Available data:
--

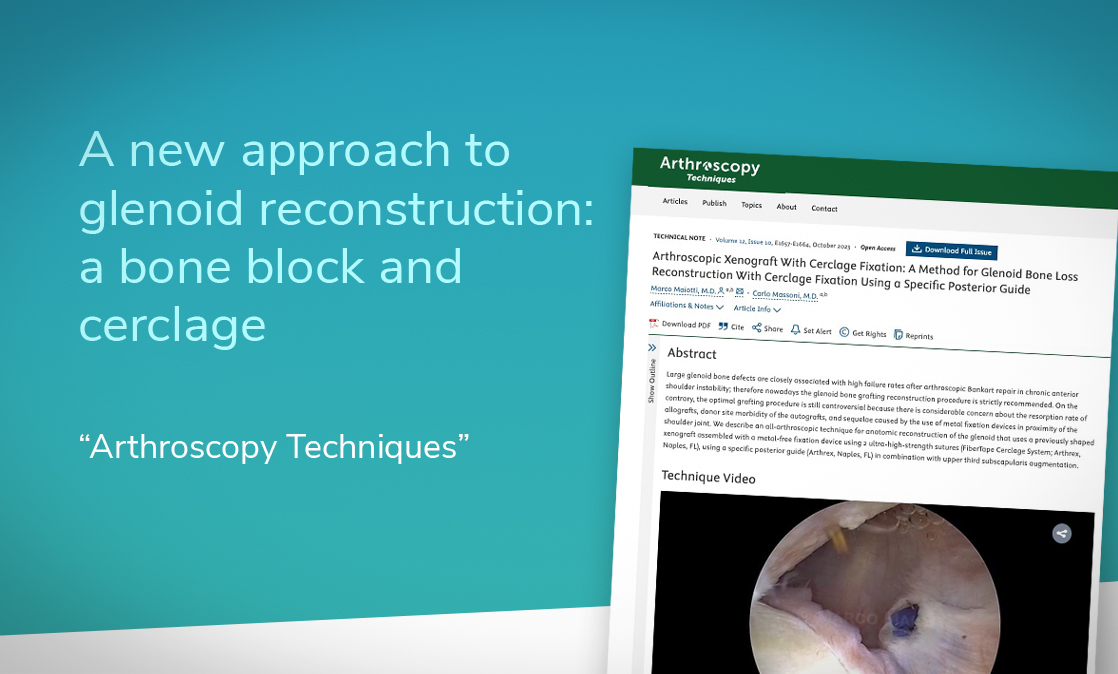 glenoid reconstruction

--

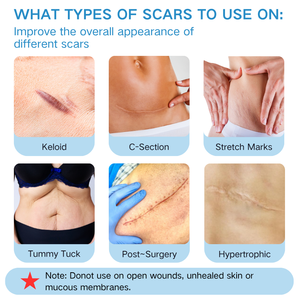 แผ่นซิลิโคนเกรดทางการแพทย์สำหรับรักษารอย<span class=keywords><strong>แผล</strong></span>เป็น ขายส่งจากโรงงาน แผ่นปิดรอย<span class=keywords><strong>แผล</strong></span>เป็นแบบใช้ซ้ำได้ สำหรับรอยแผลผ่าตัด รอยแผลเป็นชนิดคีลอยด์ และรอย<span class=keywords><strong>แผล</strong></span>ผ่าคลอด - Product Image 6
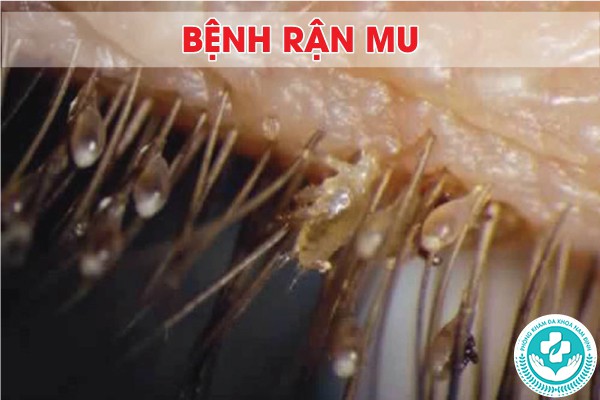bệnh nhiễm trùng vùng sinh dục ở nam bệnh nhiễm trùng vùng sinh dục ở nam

--

Please repeat, exactly as written, the lines in the records above, starting with the one that has "Product Image 6" and going on through the one that has "bệnh nhiễm trùng vùng sinh dục ở nam bệnh". Pictures are to be left out.

 แผ่นซิลิโคนเกรดทางการแพทย์สำหรับรักษารอย<span class=keywords><strong>แผล</strong></span>เป็น ขายส่งจากโรงงาน แผ่นปิดรอย<span class=keywords><strong>แผล</strong></span>เป็นแบบใช้ซ้ำได้ สำหรับรอยแผลผ่าตัด รอยแผลเป็นชนิดคีลอยด์ และรอย<span class=keywords><strong>แผล</strong></span>ผ่าคลอด - Product Image 6
bệnh nhiễm trùng vùng sinh dục ở nam bệnh nhiễm trùng vùng sinh dục ở nam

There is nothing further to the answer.